Caption-style text data:
┄┄┄┄┄┄

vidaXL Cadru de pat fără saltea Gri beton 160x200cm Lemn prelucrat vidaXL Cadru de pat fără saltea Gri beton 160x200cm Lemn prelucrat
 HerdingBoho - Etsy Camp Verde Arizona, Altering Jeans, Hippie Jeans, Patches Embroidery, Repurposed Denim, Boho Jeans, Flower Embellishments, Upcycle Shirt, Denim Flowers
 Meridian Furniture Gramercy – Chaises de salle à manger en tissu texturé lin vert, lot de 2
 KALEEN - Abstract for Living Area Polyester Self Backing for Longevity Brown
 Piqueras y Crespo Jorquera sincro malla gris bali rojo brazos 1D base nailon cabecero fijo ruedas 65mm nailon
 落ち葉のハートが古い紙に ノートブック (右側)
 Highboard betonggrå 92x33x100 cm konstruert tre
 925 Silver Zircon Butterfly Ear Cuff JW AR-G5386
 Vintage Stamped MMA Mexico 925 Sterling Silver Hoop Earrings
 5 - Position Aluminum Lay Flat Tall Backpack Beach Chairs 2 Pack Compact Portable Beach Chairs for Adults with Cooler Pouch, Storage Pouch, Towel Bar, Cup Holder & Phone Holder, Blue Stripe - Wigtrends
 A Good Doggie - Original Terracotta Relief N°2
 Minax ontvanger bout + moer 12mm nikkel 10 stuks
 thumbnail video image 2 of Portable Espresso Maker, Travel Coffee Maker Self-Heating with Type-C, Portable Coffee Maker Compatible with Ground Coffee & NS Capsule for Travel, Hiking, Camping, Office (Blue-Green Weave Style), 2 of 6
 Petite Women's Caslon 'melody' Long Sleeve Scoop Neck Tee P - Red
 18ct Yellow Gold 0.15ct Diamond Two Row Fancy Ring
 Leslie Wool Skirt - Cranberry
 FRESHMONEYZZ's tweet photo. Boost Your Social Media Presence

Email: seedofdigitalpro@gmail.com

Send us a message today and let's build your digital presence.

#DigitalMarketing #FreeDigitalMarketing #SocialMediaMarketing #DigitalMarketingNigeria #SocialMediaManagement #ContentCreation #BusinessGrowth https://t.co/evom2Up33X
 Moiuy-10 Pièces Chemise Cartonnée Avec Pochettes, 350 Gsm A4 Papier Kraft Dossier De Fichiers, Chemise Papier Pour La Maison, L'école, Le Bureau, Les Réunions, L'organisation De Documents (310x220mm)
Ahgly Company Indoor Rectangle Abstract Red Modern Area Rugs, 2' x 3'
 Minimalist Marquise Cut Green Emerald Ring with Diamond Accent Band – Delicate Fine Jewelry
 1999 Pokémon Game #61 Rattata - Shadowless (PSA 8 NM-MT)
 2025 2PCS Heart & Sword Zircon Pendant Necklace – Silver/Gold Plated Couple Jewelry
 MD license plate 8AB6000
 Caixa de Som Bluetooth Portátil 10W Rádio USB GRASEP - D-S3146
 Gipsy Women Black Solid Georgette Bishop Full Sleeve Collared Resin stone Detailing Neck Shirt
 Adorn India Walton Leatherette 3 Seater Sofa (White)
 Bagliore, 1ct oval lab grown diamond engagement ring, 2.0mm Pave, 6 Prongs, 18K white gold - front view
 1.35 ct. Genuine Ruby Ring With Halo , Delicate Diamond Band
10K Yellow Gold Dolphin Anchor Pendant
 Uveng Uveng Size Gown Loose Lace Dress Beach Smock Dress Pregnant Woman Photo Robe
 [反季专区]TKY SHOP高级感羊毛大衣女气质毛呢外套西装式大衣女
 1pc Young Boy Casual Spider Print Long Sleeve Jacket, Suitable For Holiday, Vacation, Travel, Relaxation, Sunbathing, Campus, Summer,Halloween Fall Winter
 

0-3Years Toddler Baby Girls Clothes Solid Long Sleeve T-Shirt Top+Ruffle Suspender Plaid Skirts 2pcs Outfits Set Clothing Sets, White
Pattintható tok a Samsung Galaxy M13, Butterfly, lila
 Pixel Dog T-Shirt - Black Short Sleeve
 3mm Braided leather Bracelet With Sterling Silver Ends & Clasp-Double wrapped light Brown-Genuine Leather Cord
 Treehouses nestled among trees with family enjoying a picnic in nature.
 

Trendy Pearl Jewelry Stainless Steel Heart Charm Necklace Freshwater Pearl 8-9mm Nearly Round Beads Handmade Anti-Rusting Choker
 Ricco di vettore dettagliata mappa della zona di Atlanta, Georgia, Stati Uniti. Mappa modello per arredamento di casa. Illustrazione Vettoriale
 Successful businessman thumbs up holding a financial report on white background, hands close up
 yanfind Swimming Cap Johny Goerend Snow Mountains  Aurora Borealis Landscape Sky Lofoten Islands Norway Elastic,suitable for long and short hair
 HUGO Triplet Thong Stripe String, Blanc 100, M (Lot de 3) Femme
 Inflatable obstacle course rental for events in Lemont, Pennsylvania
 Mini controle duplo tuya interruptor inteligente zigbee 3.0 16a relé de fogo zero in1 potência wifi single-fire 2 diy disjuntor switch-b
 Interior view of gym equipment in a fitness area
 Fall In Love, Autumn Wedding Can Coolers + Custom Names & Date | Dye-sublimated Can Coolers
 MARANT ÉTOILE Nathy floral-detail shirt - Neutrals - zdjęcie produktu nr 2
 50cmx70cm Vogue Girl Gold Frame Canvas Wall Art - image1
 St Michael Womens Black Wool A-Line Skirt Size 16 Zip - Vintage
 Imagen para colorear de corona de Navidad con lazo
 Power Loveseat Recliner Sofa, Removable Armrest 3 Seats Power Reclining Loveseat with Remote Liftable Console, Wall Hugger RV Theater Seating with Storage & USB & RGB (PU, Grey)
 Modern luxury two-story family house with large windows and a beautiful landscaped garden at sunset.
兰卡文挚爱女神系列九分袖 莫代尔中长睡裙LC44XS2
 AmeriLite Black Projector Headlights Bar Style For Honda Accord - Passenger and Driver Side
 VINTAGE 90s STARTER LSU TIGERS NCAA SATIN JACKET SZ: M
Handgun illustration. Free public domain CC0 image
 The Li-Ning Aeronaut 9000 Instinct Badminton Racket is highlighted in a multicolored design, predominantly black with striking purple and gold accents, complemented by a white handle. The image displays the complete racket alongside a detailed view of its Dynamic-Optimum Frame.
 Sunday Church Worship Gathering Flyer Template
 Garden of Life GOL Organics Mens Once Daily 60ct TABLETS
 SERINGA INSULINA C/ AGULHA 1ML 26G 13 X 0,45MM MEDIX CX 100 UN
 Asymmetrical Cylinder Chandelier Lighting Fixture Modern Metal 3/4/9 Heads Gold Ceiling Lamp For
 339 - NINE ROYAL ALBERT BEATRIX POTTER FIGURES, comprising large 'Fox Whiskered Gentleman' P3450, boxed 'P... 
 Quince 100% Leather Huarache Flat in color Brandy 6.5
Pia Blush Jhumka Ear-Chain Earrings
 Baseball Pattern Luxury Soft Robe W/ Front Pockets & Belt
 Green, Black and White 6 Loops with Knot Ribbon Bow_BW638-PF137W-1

┄┄┄┄┄┄

Problem to solve> Please output exactly the lines between the one holding "1.35 ct. Genuine" and the one holding "1pc Young Boy" in the records above, inclusive, and nothing more.

Exercise result>
 1.35 ct. Genuine Ruby Ring With Halo , Delicate Diamond Band
10K Yellow Gold Dolphin Anchor Pendant
 Uveng Uveng Size Gown Loose Lace Dress Beach Smock Dress Pregnant Woman Photo Robe
 [反季专区]TKY SHOP高级感羊毛大衣女气质毛呢外套西装式大衣女
 1pc Young Boy Casual Spider Print Long Sleeve Jacket, Suitable For Holiday, Vacation, Travel, Relaxation, Sunbathing, Campus, Summer,Halloween Fall Winter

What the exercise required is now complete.